* Dataset records
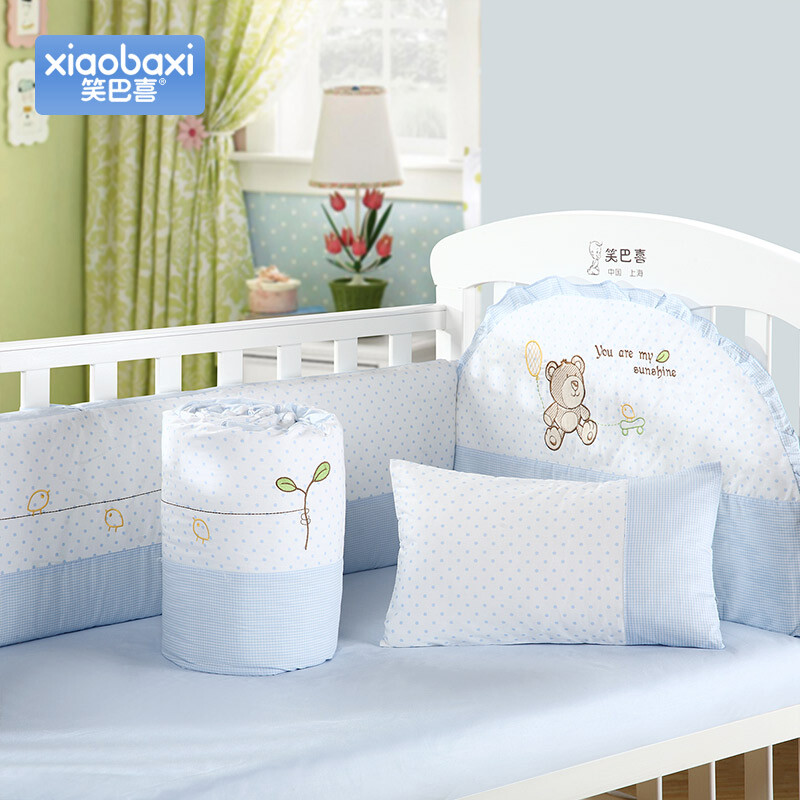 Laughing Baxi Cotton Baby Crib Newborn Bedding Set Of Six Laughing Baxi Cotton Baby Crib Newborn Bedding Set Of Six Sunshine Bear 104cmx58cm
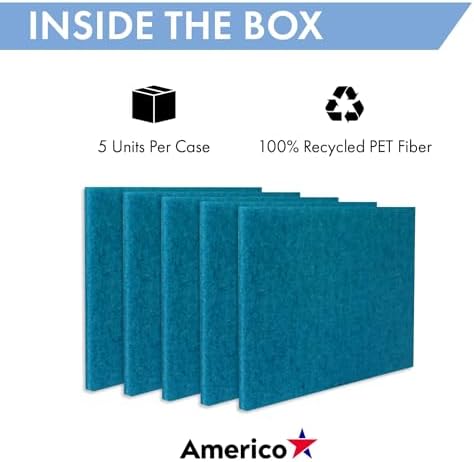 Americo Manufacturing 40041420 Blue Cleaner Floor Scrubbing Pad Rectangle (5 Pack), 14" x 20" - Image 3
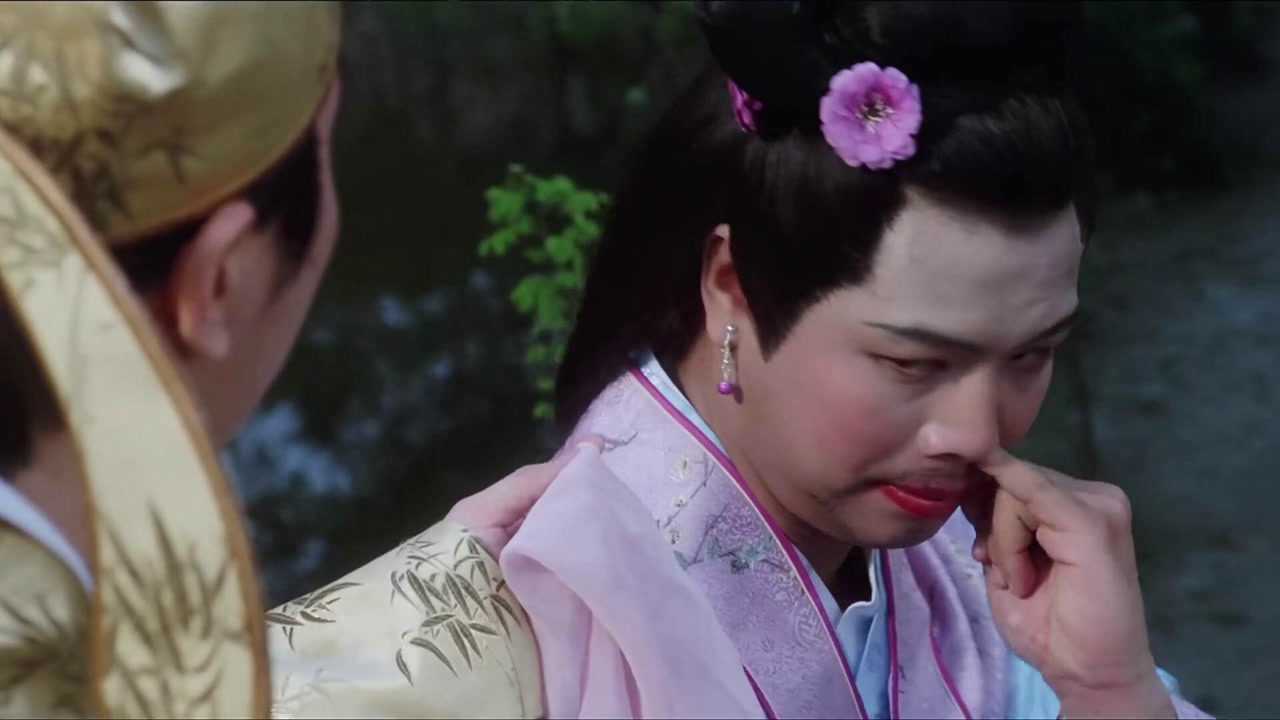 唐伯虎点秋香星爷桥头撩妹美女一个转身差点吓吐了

...

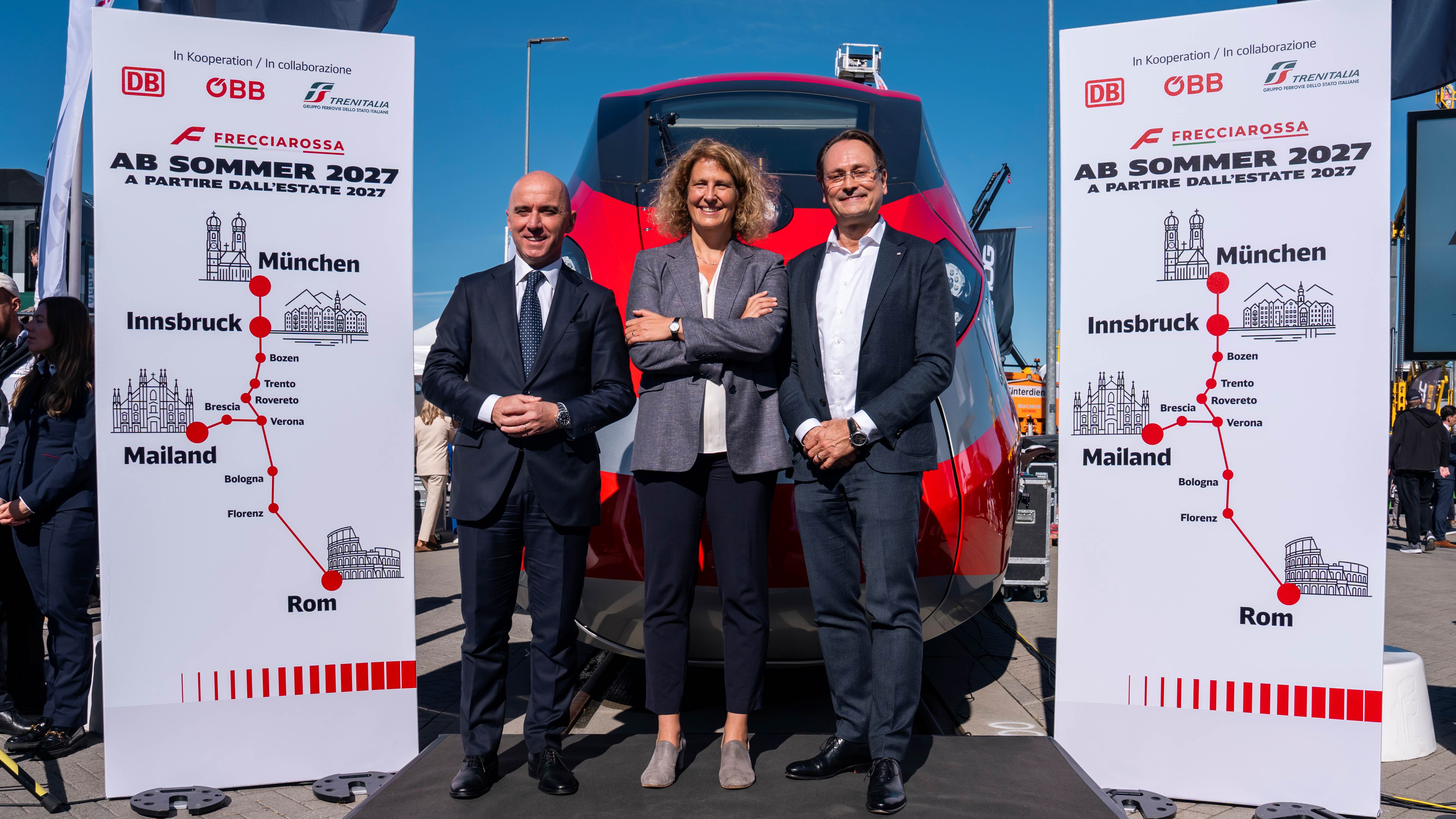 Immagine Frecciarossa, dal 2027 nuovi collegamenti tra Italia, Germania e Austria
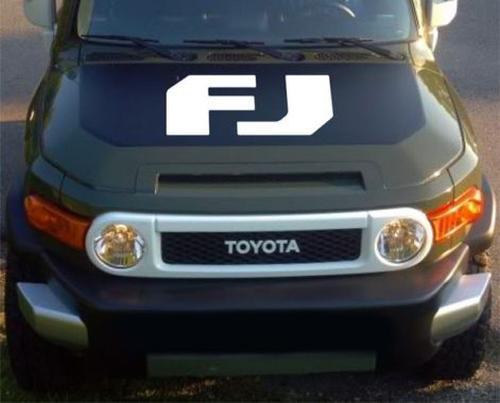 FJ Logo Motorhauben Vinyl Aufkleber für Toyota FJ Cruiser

...

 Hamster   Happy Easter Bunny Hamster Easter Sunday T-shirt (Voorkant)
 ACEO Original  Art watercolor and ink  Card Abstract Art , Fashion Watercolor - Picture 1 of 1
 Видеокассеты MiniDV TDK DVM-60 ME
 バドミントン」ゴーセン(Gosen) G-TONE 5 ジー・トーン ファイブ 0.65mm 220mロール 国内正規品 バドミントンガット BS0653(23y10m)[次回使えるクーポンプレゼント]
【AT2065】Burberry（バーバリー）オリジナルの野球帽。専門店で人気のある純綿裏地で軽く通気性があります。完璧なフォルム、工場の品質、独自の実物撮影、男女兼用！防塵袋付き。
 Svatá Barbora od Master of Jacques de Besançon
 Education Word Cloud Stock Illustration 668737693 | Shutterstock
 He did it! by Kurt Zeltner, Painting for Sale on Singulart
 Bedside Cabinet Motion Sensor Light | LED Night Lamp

* Directions
From the records above, copy out the line with "Видеокассеты MiniDV TDK DVM-60 ME", the line with "Bedside Cabinet Motion", and every line between them, word for word.

* Answer
 Видеокассеты MiniDV TDK DVM-60 ME
 バドミントン」ゴーセン(Gosen) G-TONE 5 ジー・トーン ファイブ 0.65mm 220mロール 国内正規品 バドミントンガット BS0653(23y10m)[次回使えるクーポンプレゼント]
【AT2065】Burberry（バーバリー）オリジナルの野球帽。専門店で人気のある純綿裏地で軽く通気性があります。完璧なフォルム、工場の品質、独自の実物撮影、男女兼用！防塵袋付き。
 Svatá Barbora od Master of Jacques de Besançon
 Education Word Cloud Stock Illustration 668737693 | Shutterstock
 He did it! by Kurt Zeltner, Painting for Sale on Singulart
 Bedside Cabinet Motion Sensor Light | LED Night Lamp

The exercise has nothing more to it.